NARAL had refused to make an endorsement in the race until now because the previous Republican front-runner, New York Mayor Rudolph Giuliani, was viewed as strong on abortion rights as Clinton.

Clinton said she ``respected and appreciated″ NARAL’s refusal to endorse her until now.

``That makes it even more gratifying to me that, now that the issue contrast could not be clearer ... you would give me such strong support,″ Clinton said.

Clinton also reiterated a pledge she made in February to withhold support from any Supreme Court nominee who opposes abortion. Several vacancies are expected on the high court during the next four years.

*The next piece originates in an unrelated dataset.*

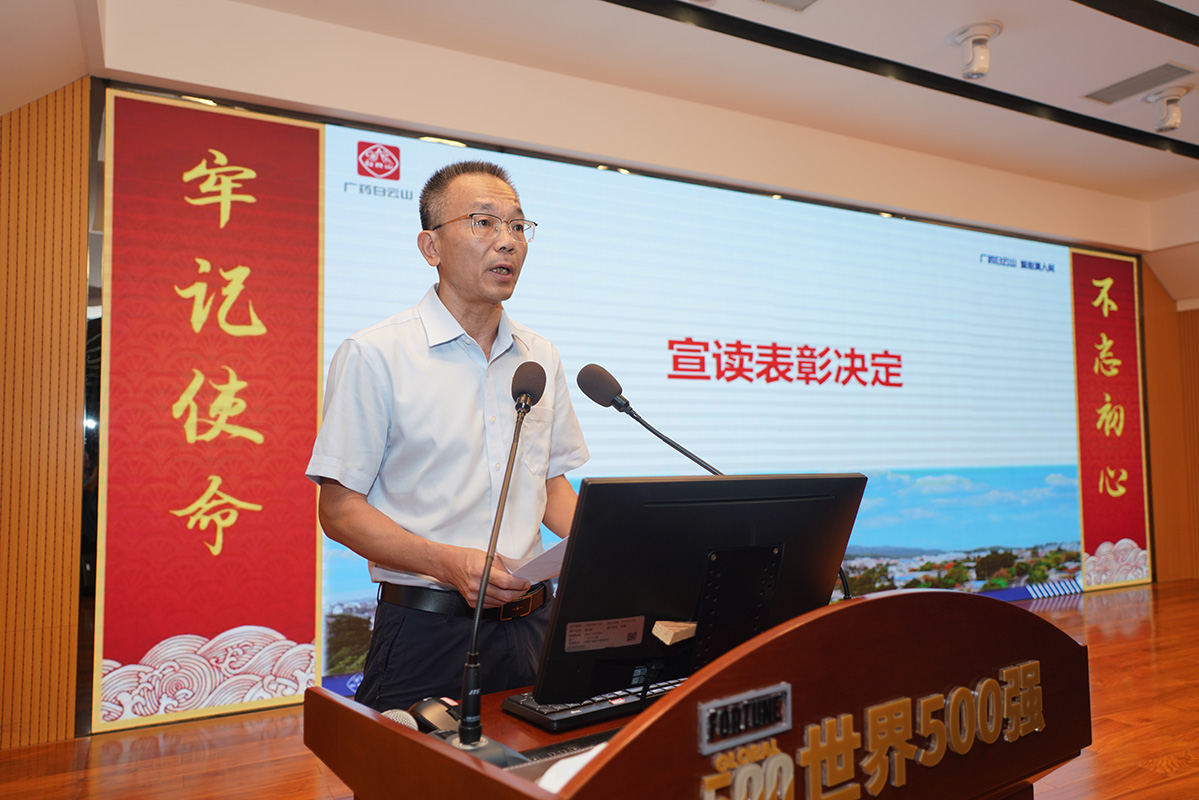 亚美国际·(中国区)有限公司官网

While NARAL accused Lazio of being anti-abortion, the Right to Life Party said his position isn’t nearly good enough for them.

``Rick Lazio is pro-abortion _ he can’t get around it, it doesn’t matter what NARAL says,″ said Ken Diem, chairman of the Right to Life Party, which intends to run its own Senate candidate.

Meanwhile, Giuliani, who withdrew from the race May 19, said Thursday he will return $2.8 million to people who contributed to his campaign and ask them to send their money to Lazio instead.

Giuliani raised $20 million and had $9.2 million left at the time of his last reporting deadline, March 31.

Since then, the campaign spent $2 million on a direct mail drive and will have about $1 million in expenses. Election laws require that Giuliani give donors back the money they earmarked for the general election rather than the primary; in this case, that’s $2.8 million.

As of last week, Lazio’s campaign had raised $3.5 million, compared with $12 million for Clinton.